I figured out the killer about the same time as Lady Hodgson and her collaborators, a club-footed nephew with a sword in his cane and her new maid who can pick a lock in nothing flat. The clues were scattered in the text, but so were red herrings that kept me guessing, even though the conclusion was completely plausible. I consider this the sign of a great mystery plot.

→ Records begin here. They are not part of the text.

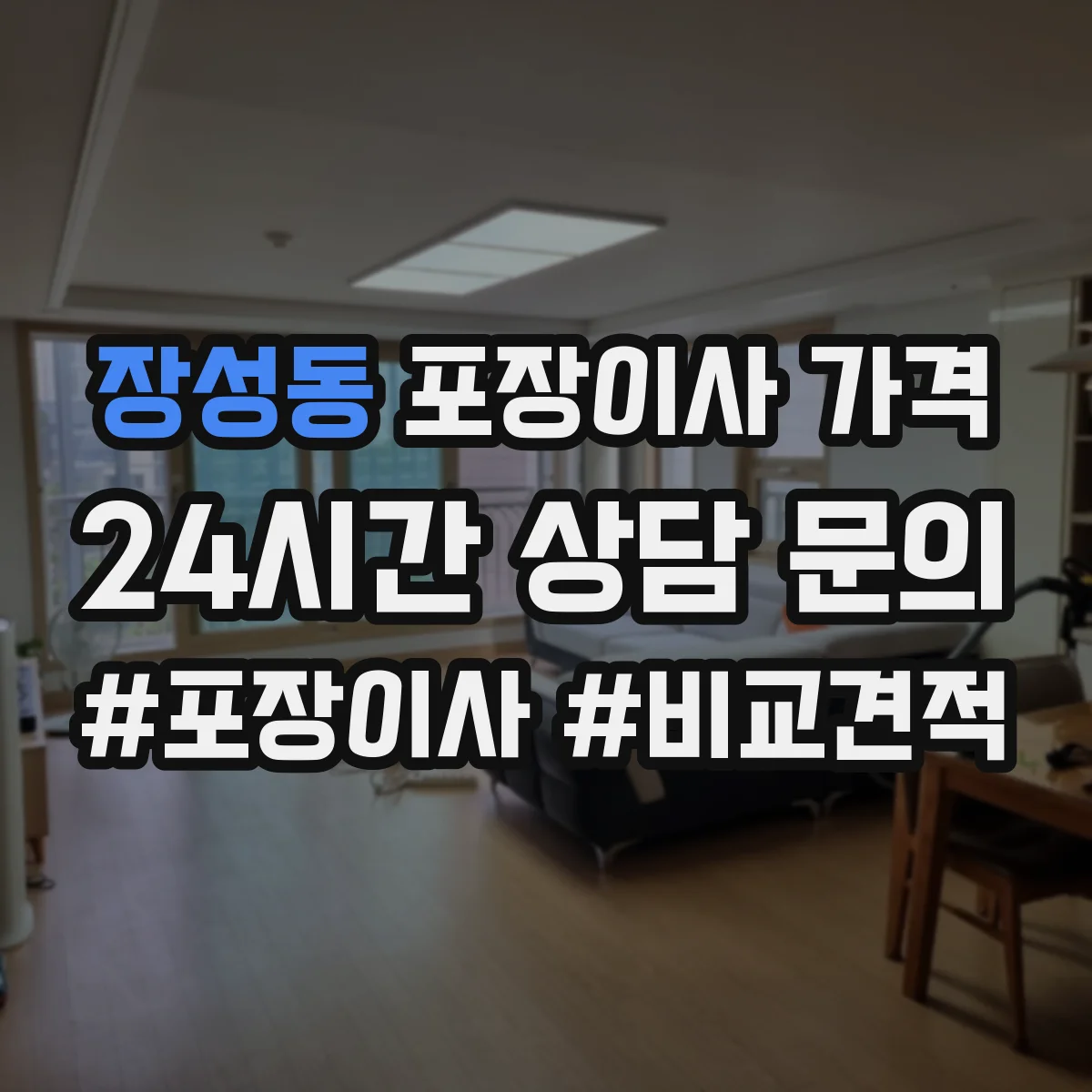 장성동 포장이사 가격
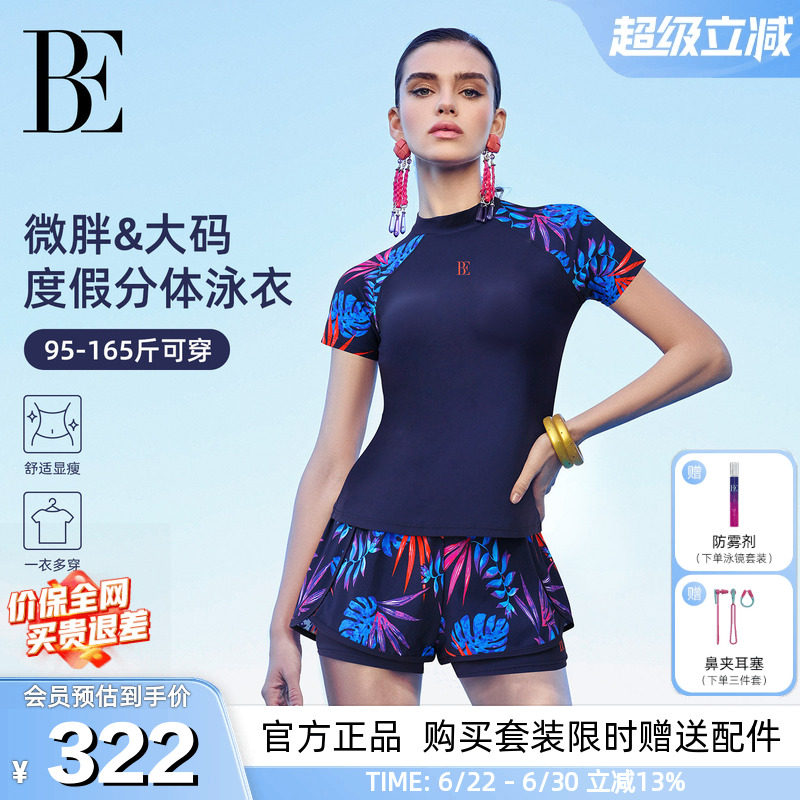 BE范德安2025新款爆款大码分体泳衣女高级印花保守遮肚温泉游泳衣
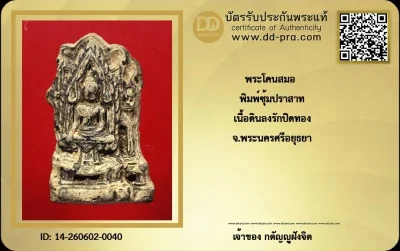 วัดใจ...พระโคนสมอ พิมพ์ซุ้มปราสาท เนื้อดินลงรัก (ดูง่ายๆ มันส์ๆ) จ.อยุธยา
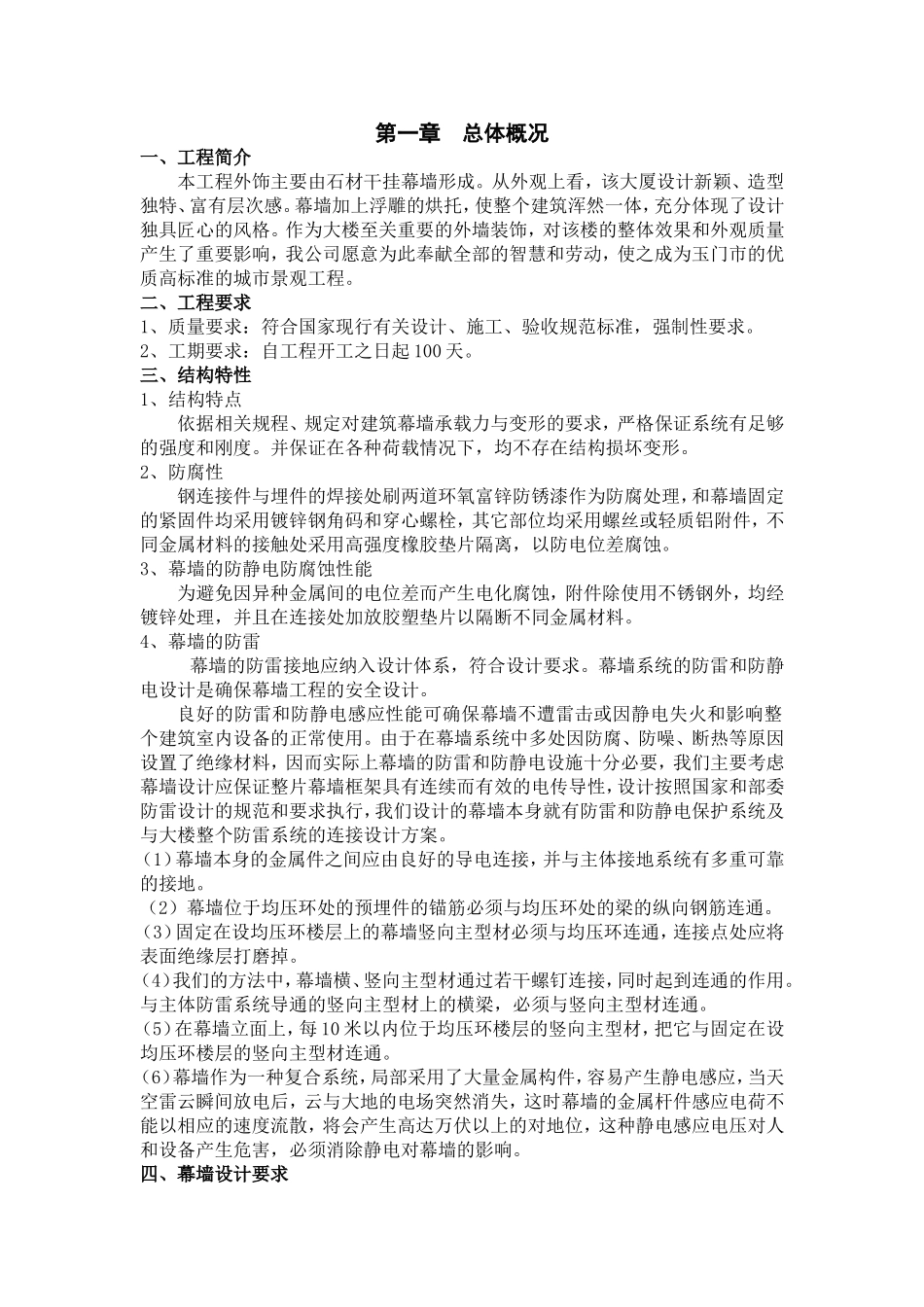 玉门油田酒泉基地综合办公楼外墙装饰工程_第1页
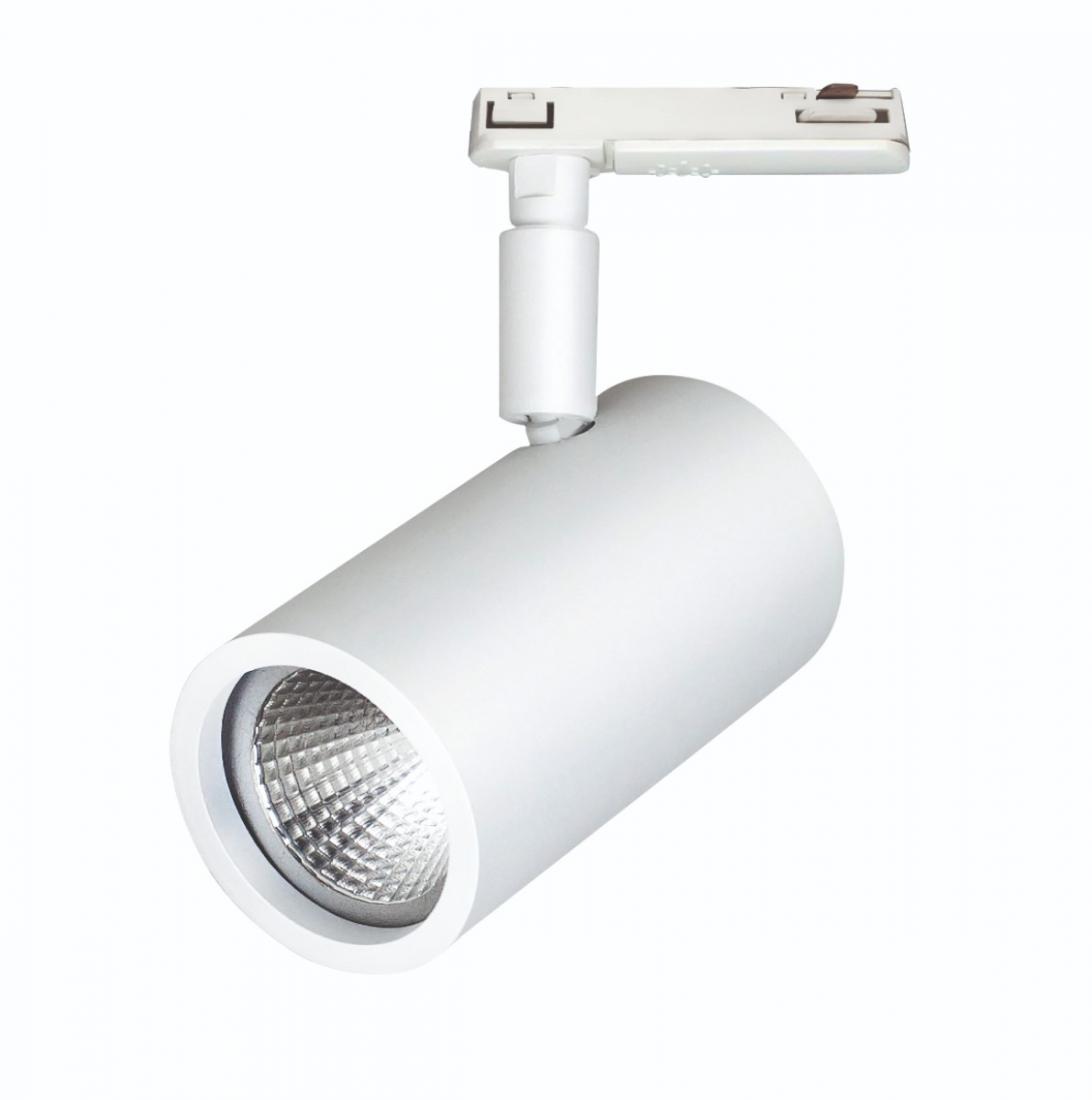 Spot para Trilho Newline Lisse 1L Dicróica 56x107x89mm IN50925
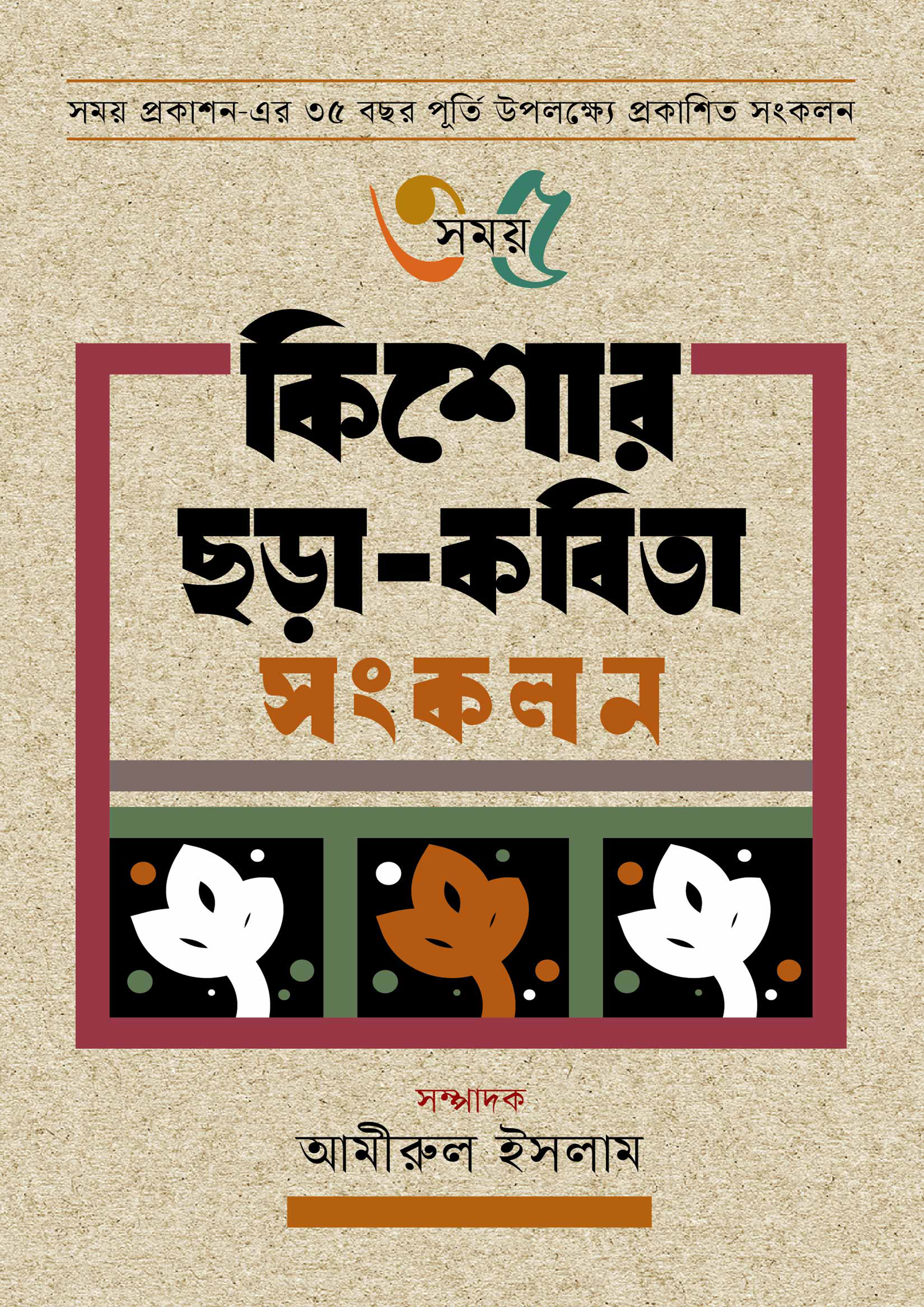 কিশোর ছড়া-কবিতা সংকলন (হার্ডকভার)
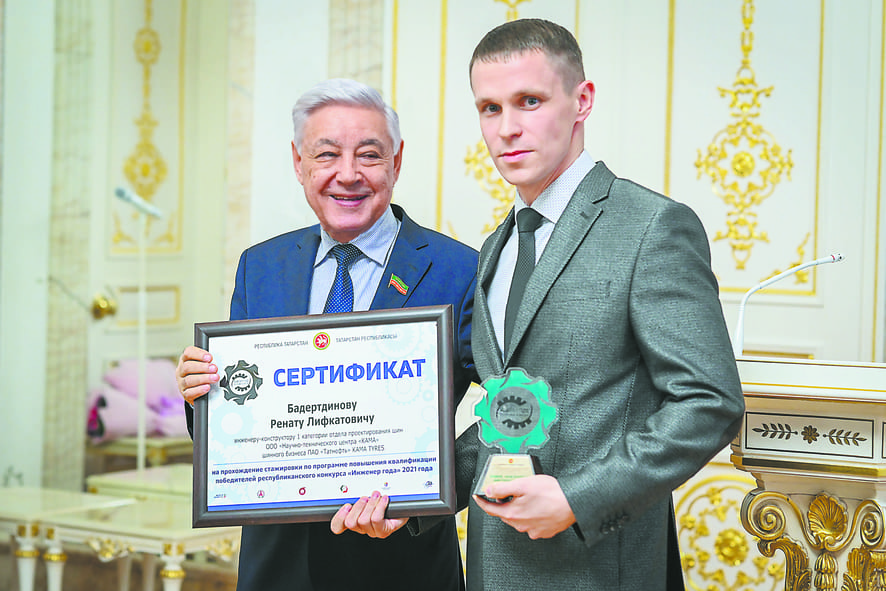 Сотрудник KAMA TYRES стал победителем конкурса «Инженер года»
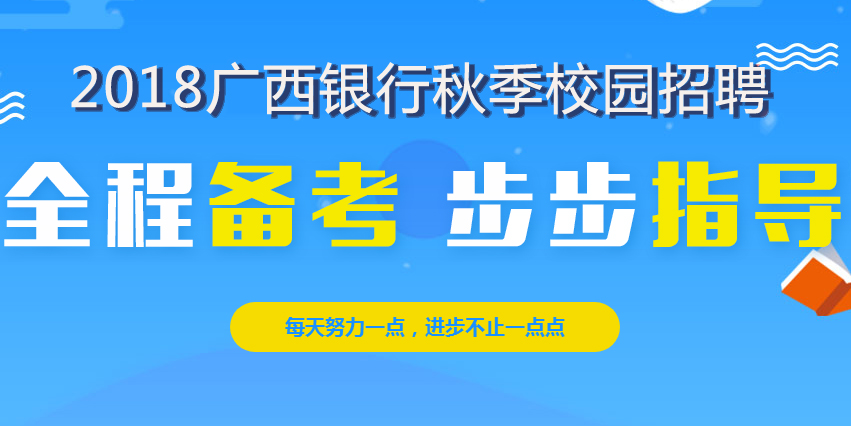 银行招聘广西_广西银行招聘信息网 2019广西银行校园招聘(2)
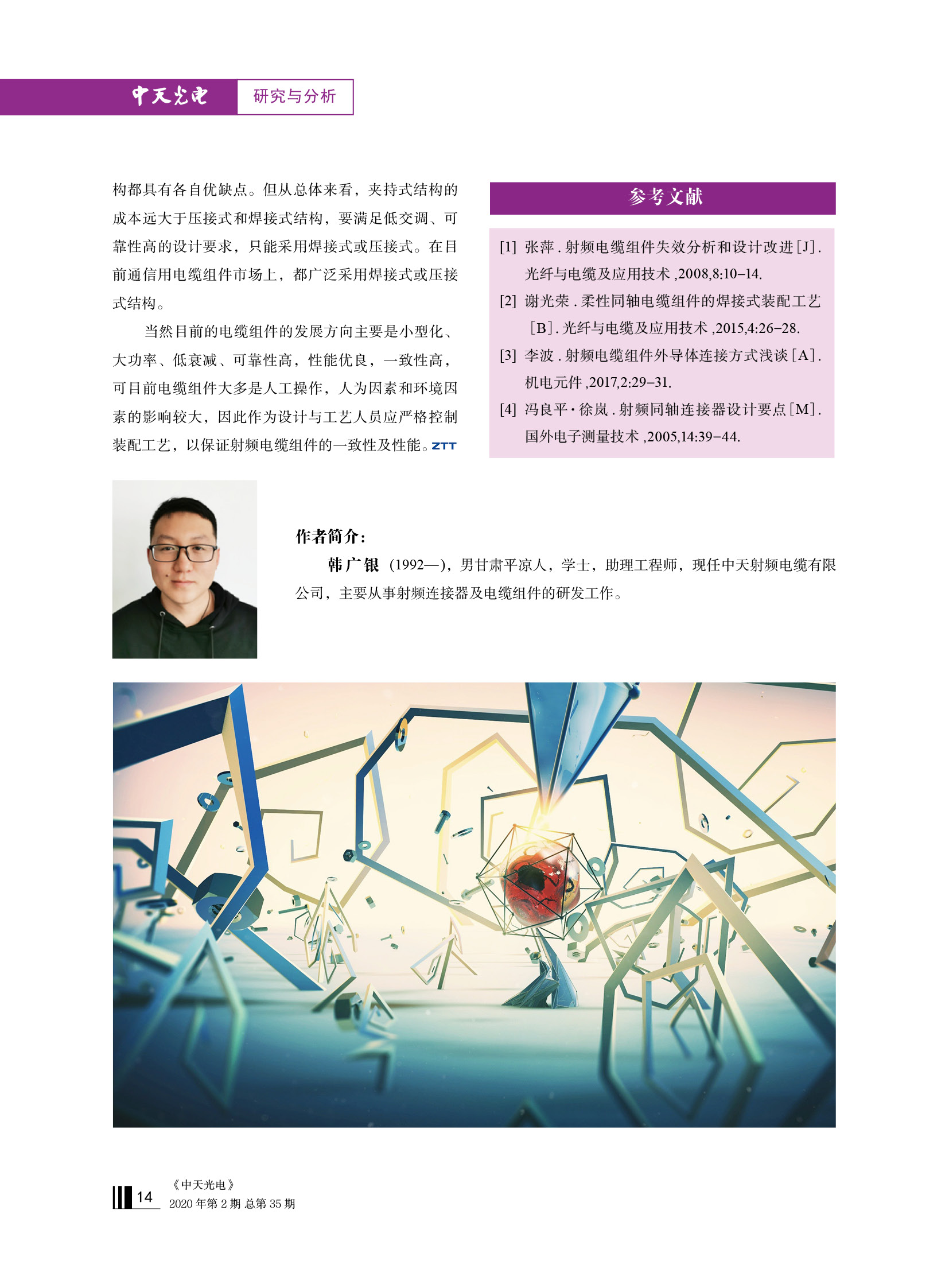 ΰ�¹���(victor1946)�ٷ���վ-Officials Website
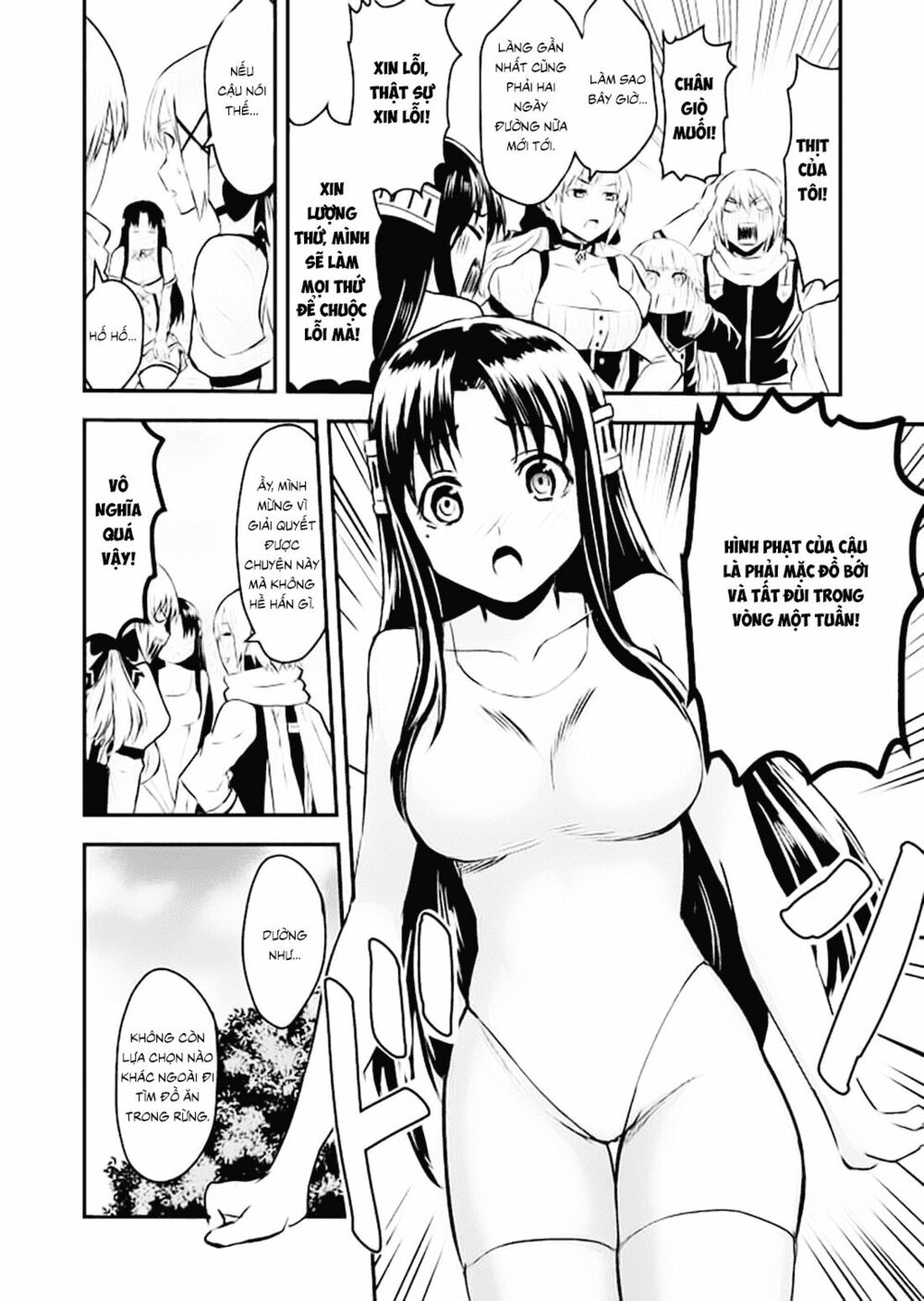 yuusha ga shinda! chapter 28.5 2
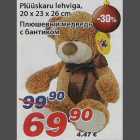 Магазин:Maxima,Скидка:Плюшевый медведь с бантиком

My favorite part actually came after the text in the author's note:

This book has its origin in the serendipitous discovery of a will written in 1683, for it was there I first met a York midwife named Bridget Hodgson, who provided a model for the fictional midwife in The Midwife’s Tale. These two Bridget Hodgsons have much in common: they were both wealthy gentlewomen; both lived in the parish of St. Helen’s, Stonegate; and both practiced midwifery. What attracted me to Bridget in the first place was that in her will, she defined herself by her profession, “midwife,” rather than her martial status, “widow.” I have read hundreds, if not thousands, of wills, and she is the only woman I found who did this. The historical Bridget also seems to have had a strength of character not often visible in the historical record, as she named her daughter and at least four of her godchildren after herself (Bridget Swain, Bridget Ascough, Bridget Morris, Bridget Wilberfoss).

Thomas, Samuel (2013-01-08). The Midwife's Tale: A Mystery (Kindle Locations 4261-4268). Minotaur Books. Kindle Edition.

Given the quality of this debut novel, I sincerely hope Samuel Thomas brings us more, with or without Lady Hodgson. If you like historical mysteries and strong women who prevail against the attitudes of their eras, this book will delight you.